ŞEMDİNLİ’DE SIKI DURACAKTIK
Danıştay
saldırısı Şemdinli olayıyla başlayan bir sürecin son halkası. Görülen o ki
hükümet erken seçim kararı almadığı sürece saldırılar sürecek.
Şemdinli’de
saldırganlar yakalandı ve bu saldırganların cezalandırılması konusunda
hükümetin ne kadar ısrarlı olabileceği test edildi. Görüldü ki, hükümet
savcısını korumaktan aciz. O zaman üstüne üstüne gitmenin en iyi çözüm olacağı,
hükümete daha fazla geri adım attırmanın yolunun daha fazla saldırıyı organize
etmekle sağlanacağı düşünüldü.
Şemdinli
olayının ardından PKK saldırıları patlak verdi. TMK’nın çıkması için bu
saldırıların yaşanması ve doğuya binlerce askerin sevki gerekiyordu. Bu sayede
halkımız şöyle düşünecekti: “Terör yine azıttı. Kahraman askerlerimiz onlarla
çarpışacak ama TMK olmadan elleri kolları bağlı. Haydi, hükümet top sende.
Çıkar şu TMK’yı.” Hükümet mesajı aldı ve insan hakları konusunda AB rüzgârıyla
yakalanan ilerlemeleri hiçe sayan bu kanunlar dizisini yürürlüğe koyma çabasına
girdi. Tüm itirazlara rağmen başbakan Erdoğan bu tasarının yasalaşacağını
vurguladı.
Yani
hükümet Şemdinli’de ve TMK konusunda kendisine baskı yapan, görevini
engelleyenlere direnip otoritesini tahkim edemedi. Şimdi Danıştay saldırısı ile
hükümete bir gol daha atılmak isteniyor. Bu saldırgan da Şemdinli’deki gibi
yakalandı. Şemdinli’dekine üst düzey bir komutan “Tanırım iyi çocuktur.”

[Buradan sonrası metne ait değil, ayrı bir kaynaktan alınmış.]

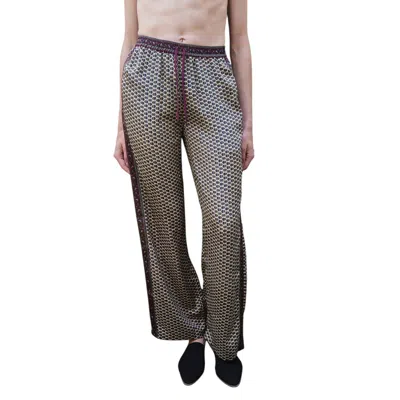 Monzlapur New York Women's Purple Embossed Botanic Crepe Pant - Forest Plum In Animal Print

demişti. Henüz Danıştay’a saldıran Alparslan Arslan’a kimse sahip çıkmadı ama
bu olayda da bir zamanlar subay olan Muzaffer Tekin bağlantısı gündemde. Evinde
yapılan aramada milletvekillerinin bile belli bir “resmî” gayret göstermeden
okuyamayacağı Milli Güvenlik Siyaset Belgesi bulundu. Yani egemen güçler: “Bu
da iyi çocuktur.” deseler hükümetin ne yapacağı belirsiz. Zira ilkinde hükümet
iyi bir performans gösterememişti.
Hükümet
bu olayın da sonuna kadar takipçisi olacağını söylüyor ama ucu üst düzey devlet
görevlilerine ve resmi ideoloji korumalığına varırsa, -ki varacak gibi
görünüyor- hükümet “takipçi” olmaya devam mı edecek yoksa Şemdinli’deki
pasifliğini bu olayda da sürdürüp kendi kendisini mi bitirecek?
Bu
olaylar hükümetin altını olmaya yönelik. Asayiş sorunu çıkarıp: “Sayın
başbakan! Duruma hakim olamıyorsunuz.” mesajı veriliyor.
Hükümetin şunları bilmesi
gerekiyor: Böyle bir terör ve kargaşa ortamında sinenler mağlup olur. Kötülerin
baskın çıktığı; haklı göründüğü ve nice zorbalıkların ‘ölümlerden ölüm
beğendirmek’ şeklinde Türkiye halkına, çaresizlik içinde kabul ettirildiği bir düzenek,
bir ‘haramîler çetesi’ mantığı.
Başbakan’ın
şöyle demeli: “Artık siz ve ortaklarınız her ne yapacaksanız toplanıp bütün
gücünüzle karar veriniz. Sonra bu işiniz size dert olmasın. Sonra bana ne
yapacaksanız yapın, bana mühlet de vermeyin."
Hükümetin,
işin hakikatini ortaya koyma ve geniş halk kitlelerini dev gösterilere hazırlamak
için hazırlıklı olmasının, halkın bir kısmını bir kısmına karşı kışkırtan ve
yetkili oldukları kurumların tarafsızlığına halel getiren açıklamalar yapan
kimseleri de yargı önüne çıkarmasının vakti
gelmiştir. Son gülen olmak için bunlar gerekli.